They say it’s all about having the right attitude. A good attitude, whether it be toward work, life, or relationships, increases optimism, breeds success, improves communication, opens our hearts, and even helps eliminate worries and negative thinking. Basically, our attitudes dictate everything in our lives. And that includes — you guessed it — our marriage!
Having the right attitude about your marriage and your spouse, and then expressing those feelings verbally or through your actions keeps your heart open to each another every day and leads to the safe and connected marriage you deserve.
There are many “right kinds of attitudes” to have if you’re going to have a great marriage. Let’s talk briefly about a few.
Which ones do you possess?
THE ATTITUDE OF:
Treasuring your spouse
God sees us as his creation, his children, and his treasure. We should view our spouse as our treasure. Your attitude every day should be to protect their heart, protect them, and cherish them as we would a very valuable treasure. We are gentle with how we treat them and how we speak to them.
I offer and respond to their request for my involvement, whether it’s for simple tasks such as picking the kids up from school a few days a week to larger needs such as being there through difficult times. I know when to be in each other’s space and are willing to honor boundaries just as easily. Our attitude should be to understand, encourage, and assist.
Honoring your spouse
Much like how we should treasure our spouse, another attitude that promotes a great marriage is the ability to honor. This is a conscious decision to place my spouse in a position of high value, worth, and importance. We speak their love language, encourage them by using the right words, and we adjust our perception to see them as God sees them.
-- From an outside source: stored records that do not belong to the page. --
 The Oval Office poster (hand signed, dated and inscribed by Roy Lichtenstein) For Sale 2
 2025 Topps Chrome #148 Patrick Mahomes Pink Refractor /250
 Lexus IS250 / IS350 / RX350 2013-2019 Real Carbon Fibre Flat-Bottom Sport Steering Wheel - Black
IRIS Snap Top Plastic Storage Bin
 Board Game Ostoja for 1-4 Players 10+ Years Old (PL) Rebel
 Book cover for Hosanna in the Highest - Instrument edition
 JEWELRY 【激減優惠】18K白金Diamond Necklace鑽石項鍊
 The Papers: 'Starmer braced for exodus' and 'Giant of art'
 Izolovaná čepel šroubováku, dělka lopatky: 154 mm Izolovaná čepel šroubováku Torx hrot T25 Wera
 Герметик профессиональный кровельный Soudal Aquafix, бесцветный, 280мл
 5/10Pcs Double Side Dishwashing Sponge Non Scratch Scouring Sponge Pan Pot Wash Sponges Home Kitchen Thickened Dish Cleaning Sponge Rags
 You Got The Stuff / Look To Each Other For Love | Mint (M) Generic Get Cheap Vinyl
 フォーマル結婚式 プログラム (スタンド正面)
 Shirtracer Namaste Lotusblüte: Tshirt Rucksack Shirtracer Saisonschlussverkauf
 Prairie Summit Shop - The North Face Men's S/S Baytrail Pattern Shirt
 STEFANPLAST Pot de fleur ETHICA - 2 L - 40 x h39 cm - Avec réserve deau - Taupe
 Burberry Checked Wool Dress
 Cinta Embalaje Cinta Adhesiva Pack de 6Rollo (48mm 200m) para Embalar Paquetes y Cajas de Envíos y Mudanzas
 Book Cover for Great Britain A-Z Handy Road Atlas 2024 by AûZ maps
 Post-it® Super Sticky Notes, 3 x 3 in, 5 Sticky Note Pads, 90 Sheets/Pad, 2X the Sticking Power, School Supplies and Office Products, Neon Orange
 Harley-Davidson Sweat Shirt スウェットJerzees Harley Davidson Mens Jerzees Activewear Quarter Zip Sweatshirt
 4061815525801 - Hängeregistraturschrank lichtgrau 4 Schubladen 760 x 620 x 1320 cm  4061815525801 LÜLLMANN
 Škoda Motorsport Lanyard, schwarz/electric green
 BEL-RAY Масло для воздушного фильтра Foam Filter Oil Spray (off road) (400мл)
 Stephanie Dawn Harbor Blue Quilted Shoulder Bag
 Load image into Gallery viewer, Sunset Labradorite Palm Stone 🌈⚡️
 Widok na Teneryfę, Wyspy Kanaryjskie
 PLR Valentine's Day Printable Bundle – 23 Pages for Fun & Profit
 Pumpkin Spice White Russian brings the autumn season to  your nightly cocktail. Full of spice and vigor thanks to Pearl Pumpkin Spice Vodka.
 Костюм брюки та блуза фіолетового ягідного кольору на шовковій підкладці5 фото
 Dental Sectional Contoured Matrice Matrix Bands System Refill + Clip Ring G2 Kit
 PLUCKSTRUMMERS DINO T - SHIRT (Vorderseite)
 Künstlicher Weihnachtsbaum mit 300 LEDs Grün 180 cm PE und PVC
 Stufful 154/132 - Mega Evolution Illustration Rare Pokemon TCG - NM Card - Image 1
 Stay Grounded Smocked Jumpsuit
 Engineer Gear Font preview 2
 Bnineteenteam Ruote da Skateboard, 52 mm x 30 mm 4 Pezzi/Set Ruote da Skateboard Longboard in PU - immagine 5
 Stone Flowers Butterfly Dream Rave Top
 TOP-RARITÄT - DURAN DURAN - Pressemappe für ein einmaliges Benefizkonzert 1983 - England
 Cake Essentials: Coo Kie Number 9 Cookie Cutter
“The person is always more important than the task”
Life is busy. As a result, we easily get caught up in a bunch of stuff that can pull us away from our loved ones and hurt them in the process. A good attitude to have is to be mindful that no matter how busy I am, and regardless of how much I’m trying to accomplish, those things are never more important than my spouse. I can express this by pulling myself away from work, stopping what I’m doing to listen to what my spouse needs at that moment.
Speaking of what my spouse needs at that moment, recognizing the importance of being “in the moment” and “present” is a great attitude to have toward your marriage. Couples could be in the same room with each other for an hour and never interact — almost as the other person doesn’t exist. Involve each other, carry on conversations, be emotionally present, ask your spouse if they want to be included in what you are doing. Be present.
You get it, life can be stressful. And in the moment it can be easy to miscommunicate and misunderstand our partner. But the attitude of generosity means I make the most positive assumptions about my partner. I extend the most generous interpretation possible to the intentions, words, and actions of the ones we love.
Seeing with the heart
We’ve written quite a bit about matters of the heart in previous blogs. This includes diving into what every heart desires and asking ourselves if we listen enough to our spouse’s heart when it’s talking to us. If we’ve learned anything from those conversations, it’s that the heart should be the unequivocal starting point when we are having difficulties in our marriage.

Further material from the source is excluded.